» WHAT YOU SHOULD DO:
Please work out how many lines in the data below hold the word "Illustration", and state only the number.

» MATERIAL FOR THIS EXERCISE:
-*-

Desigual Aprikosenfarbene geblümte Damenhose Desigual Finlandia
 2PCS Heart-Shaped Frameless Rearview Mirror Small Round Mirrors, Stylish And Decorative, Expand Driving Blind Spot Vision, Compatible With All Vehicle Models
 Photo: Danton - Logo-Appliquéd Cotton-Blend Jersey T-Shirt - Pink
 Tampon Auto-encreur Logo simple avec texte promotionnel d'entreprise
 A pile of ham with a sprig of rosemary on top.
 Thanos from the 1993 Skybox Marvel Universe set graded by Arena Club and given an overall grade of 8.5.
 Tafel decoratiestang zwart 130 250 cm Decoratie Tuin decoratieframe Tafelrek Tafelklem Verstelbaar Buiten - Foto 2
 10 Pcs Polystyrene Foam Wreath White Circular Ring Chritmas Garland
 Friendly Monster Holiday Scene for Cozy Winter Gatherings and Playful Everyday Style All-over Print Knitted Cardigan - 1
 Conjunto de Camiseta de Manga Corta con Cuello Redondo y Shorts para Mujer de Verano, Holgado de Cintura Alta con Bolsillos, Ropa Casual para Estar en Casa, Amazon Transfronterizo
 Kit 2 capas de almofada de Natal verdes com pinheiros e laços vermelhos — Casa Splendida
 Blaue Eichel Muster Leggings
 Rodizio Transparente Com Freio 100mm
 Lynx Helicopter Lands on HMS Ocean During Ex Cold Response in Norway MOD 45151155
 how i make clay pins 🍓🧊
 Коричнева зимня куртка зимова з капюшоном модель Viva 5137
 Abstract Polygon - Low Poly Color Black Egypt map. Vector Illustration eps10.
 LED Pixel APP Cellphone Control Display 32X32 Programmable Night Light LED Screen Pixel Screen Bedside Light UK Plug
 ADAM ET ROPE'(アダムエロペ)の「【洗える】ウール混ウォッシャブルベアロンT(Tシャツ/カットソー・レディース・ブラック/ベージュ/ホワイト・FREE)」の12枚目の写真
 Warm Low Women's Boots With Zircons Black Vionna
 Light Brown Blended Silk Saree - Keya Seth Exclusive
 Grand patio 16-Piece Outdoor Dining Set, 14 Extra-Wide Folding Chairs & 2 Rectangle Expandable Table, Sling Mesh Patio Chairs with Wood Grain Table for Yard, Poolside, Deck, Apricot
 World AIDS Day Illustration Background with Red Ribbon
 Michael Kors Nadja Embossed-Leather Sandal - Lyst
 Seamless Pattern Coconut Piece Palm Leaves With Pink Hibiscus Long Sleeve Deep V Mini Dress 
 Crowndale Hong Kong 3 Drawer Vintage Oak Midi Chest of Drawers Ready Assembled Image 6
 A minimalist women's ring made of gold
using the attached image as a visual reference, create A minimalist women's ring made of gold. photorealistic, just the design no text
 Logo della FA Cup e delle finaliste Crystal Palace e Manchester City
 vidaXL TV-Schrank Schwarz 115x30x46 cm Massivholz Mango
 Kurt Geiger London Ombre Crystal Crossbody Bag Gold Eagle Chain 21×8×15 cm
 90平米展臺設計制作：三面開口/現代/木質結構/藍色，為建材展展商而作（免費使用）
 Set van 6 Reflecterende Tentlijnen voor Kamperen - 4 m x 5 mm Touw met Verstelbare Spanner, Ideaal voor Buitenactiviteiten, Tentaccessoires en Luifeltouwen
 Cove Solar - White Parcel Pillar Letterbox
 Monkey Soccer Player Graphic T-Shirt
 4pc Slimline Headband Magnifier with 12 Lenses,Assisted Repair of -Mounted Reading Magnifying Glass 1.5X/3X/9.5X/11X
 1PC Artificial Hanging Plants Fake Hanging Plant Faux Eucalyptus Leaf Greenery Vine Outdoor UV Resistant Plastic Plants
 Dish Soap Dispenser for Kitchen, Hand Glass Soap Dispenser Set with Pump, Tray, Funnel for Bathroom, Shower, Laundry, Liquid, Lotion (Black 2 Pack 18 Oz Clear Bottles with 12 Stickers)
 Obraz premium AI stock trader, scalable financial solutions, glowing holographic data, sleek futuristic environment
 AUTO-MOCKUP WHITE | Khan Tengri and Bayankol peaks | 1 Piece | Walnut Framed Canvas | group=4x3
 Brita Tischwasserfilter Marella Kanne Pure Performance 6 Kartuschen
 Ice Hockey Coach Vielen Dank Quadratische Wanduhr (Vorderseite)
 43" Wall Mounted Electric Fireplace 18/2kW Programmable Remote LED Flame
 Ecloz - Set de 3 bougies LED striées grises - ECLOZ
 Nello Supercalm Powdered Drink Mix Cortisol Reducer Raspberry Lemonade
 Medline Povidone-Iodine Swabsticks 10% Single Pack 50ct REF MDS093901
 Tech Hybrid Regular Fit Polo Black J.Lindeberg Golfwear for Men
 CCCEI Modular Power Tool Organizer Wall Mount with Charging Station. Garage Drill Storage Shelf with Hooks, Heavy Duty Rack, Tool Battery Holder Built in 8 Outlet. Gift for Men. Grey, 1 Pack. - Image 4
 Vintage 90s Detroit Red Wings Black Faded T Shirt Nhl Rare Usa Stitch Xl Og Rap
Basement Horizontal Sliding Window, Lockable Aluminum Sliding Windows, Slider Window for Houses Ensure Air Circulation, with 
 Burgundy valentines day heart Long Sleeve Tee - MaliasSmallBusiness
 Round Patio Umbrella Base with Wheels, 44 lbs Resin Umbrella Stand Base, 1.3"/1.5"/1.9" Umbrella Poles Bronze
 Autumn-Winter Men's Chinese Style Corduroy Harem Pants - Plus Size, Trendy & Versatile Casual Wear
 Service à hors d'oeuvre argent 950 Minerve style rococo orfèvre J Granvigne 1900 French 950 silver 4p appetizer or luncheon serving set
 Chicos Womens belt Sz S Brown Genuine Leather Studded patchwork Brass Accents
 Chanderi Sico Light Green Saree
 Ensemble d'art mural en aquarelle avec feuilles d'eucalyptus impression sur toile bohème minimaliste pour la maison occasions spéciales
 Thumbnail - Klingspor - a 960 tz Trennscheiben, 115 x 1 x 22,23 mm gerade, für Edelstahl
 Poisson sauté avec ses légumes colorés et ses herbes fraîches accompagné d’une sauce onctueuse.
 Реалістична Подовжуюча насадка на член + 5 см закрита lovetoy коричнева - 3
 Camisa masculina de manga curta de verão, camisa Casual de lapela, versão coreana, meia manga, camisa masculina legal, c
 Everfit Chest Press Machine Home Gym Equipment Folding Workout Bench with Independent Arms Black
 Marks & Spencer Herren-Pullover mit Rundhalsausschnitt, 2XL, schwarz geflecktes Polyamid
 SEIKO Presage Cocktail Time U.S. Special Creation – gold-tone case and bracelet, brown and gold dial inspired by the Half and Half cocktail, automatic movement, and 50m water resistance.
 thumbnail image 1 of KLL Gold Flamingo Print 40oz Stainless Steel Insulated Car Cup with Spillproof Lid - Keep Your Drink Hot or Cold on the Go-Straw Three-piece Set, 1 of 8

-*-

» ANSWER TO THIS TASK:
2